GOAL OF THE EXERCISE:
Write each line exactly, from the line that holds "Fototapeta premium Office" through the final line of the material, and no other line.

::::

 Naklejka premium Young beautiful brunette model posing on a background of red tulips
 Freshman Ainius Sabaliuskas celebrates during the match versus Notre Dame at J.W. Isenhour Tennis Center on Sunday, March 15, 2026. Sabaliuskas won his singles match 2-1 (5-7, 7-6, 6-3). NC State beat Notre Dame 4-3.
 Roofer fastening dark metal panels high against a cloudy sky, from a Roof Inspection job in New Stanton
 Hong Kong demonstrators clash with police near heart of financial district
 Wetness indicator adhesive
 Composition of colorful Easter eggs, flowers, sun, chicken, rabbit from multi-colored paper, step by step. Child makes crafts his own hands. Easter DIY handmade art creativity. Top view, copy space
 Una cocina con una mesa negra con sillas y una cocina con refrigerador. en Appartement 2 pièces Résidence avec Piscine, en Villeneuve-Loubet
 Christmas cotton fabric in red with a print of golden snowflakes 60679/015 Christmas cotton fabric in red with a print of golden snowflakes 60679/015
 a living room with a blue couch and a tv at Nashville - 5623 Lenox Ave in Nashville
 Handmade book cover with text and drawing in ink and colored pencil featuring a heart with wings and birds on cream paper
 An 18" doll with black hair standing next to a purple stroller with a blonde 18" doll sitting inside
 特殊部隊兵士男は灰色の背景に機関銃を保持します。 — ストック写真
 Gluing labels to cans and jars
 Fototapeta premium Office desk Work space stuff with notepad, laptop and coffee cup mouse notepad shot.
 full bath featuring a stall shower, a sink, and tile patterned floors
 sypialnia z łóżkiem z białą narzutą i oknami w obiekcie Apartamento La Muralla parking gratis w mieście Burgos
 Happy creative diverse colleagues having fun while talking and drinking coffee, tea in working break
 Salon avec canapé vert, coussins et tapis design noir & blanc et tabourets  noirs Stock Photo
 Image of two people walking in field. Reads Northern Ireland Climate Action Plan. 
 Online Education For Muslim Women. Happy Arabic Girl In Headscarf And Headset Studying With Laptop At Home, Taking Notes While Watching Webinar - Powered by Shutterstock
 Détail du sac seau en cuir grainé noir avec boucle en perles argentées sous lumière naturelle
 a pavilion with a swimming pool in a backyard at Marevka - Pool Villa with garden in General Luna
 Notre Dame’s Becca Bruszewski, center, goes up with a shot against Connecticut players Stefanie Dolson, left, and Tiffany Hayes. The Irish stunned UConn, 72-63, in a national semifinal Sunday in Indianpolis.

::::

ANSWER AREA:
 Fototapeta premium Office desk Work space stuff with notepad, laptop and coffee cup mouse notepad shot.
 full bath featuring a stall shower, a sink, and tile patterned floors
 sypialnia z łóżkiem z białą narzutą i oknami w obiekcie Apartamento La Muralla parking gratis w mieście Burgos
 Happy creative diverse colleagues having fun while talking and drinking coffee, tea in working break
 Salon avec canapé vert, coussins et tapis design noir & blanc et tabourets  noirs Stock Photo
 Image of two people walking in field. Reads Northern Ireland Climate Action Plan. 
 Online Education For Muslim Women. Happy Arabic Girl In Headscarf And Headset Studying With Laptop At Home, Taking Notes While Watching Webinar - Powered by Shutterstock
 Détail du sac seau en cuir grainé noir avec boucle en perles argentées sous lumière naturelle
 a pavilion with a swimming pool in a backyard at Marevka - Pool Villa with garden in General Luna
 Notre Dame’s Becca Bruszewski, center, goes up with a shot against Connecticut players Stefanie Dolson, left, and Tiffany Hayes. The Irish stunned UConn, 72-63, in a national semifinal Sunday in Indianpolis.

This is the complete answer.